The seasonal pattern in the at-risk population with a low hazard rate is interesting. We observed that, for a large at-risk population, the number of fatalities remained slightly below average for about two years. This longer-term impact on deaths is reflected in the mean life expectancy per high-risk event of 13 and 27 days for the small at-risk population of Iztapalapa and Naucalpan de Juárez, respectively, while the large at-risk population of Álvaro Obregón showed a mean life expectancy of 217 days.

5. Conclusions

The results of the analysis suggest that the main determinants of environmental health risk should be taken into consideration when assessing risk and vulnerability in urban populations. Our findings suggest that health risks related to air pollution are socioeconomically differentiated across the municipalities. Our estimates show evidence that various aspects of social inequality contribute to the greater burden of environmental hazard exposure and health risk for a municipality with low socioeconomic status. Social inequality, such as residential segregation, may affect the options of communities to address environmental and health problems. For example, poverty may affect the likelihood of having health insurance.
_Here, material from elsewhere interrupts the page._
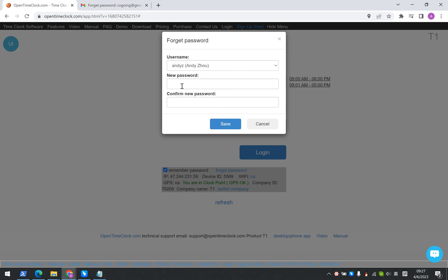Here, you will be able to reset your password to a new one. And then you will be able to save it.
Low education reduces knowledge and life skills that allow people to gain more ready access to information and resources to promote health (^{Link and Phelan, 1995}). High population density may influence transportation demand, as expressed through average daily vehicle-kilometers traveled in private motor vehicles per capita; in turn, changes in transportation demand influence total vehicle emissions (vehicles for the transportation of passengers) to which population is exposed.

These socioeconomic disparities between municipalities partially explain why we observed a lower hazard rate in Álvaro Obregón, a wealthy area, as compared to the higher hazard rate observed in Iztapalapa, a poor area. In Álvaro Obregón-an area that showed a lower hazard rate-a higher life expectancy was observed, which allowsindividuals to stay longer in the at-risk population, thereby making that population larger than the at-risk population of Iztapalapa, whose inhabitants have a lower life expectancy. This is because the state-space model proposed applied the assumption that all fatalities must first be susceptible, so the smaller the at-risk population, the greater the individual probability of death. Therefore, the smaller the size of the population at risk, the sicker its average member will be, and hence the smaller the impact over long-term mortality. These findings are consistent with what would be normally predicted in texts about environmental justice.

As we already know, a proportion of these deaths occurs in susceptible people who would probably have died in the immediate future; however, a substantial number of them could have been prevented. Implementation of health policies should blunt some of the adverse impacts of air pollution on the pool of very frail people. We strongly believe that such health policies need to be addressed from the perspective of environmental justice.